I enjoyed Venezuela, in spite of all the excessive “travel advisories” we got regarding travel there. Apparently there is significant anti-American and anti-Bush sentiment, and frequent political protests all around town. So they warned and re-warned us about how careful we need to be. They also controlled many of our trips, not letting us go to certain parts of Caracas and not letting us wander around in town (even if it was part of the trip description – as it was for me for at least one pre-paid trip). I went into Caracas on two days – once for a city orientation and once for a “Simon Bolivar” trip. The port where we docked – La Guaira – is about a half hour (more if there’s traffic) drive from the capital, Caracas, a city of 8 million, very modern – at least as seen from the bus window, with lots of shopping malls and American chain restaurants and stores. We also saw a number of “ranchitos” (poor sections like barrios) all up and down the mountainsides – mountains separate Caracas from the sea.
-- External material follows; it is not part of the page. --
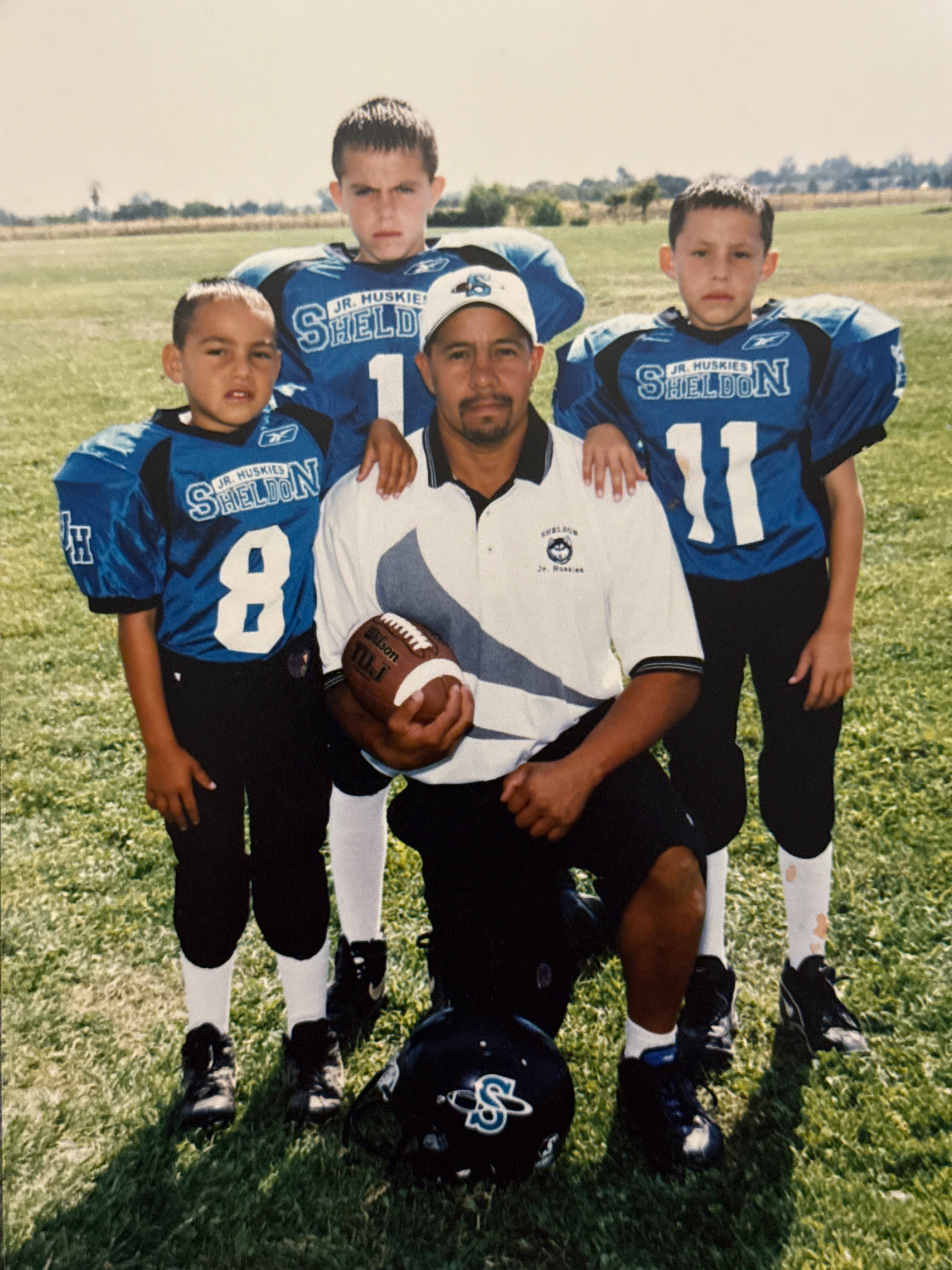 Support for Donald Paul Martinez's Funeral campaign photo, 7 of 8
The port city where we were – La Guaira / Maiquetia – was devastated (as was much of the coast here) by heavy rains that brought on huge mud slides in 1999 – killing 15,000 we heard. And it virtually wiped out their cruise ship and other shore-oriented tourism, further harming already hard hit coastal economies. You could tell, since the coast was obviously not set up for tourism much any more – though they once were – as the lovely port terminal building revealed. They said we were one of only two “cruise ships” that have visited this port this month. But our tour operators had a number of interesting trips planned, and most people enjoyed their time here – a lot of beach trips and mountain trips.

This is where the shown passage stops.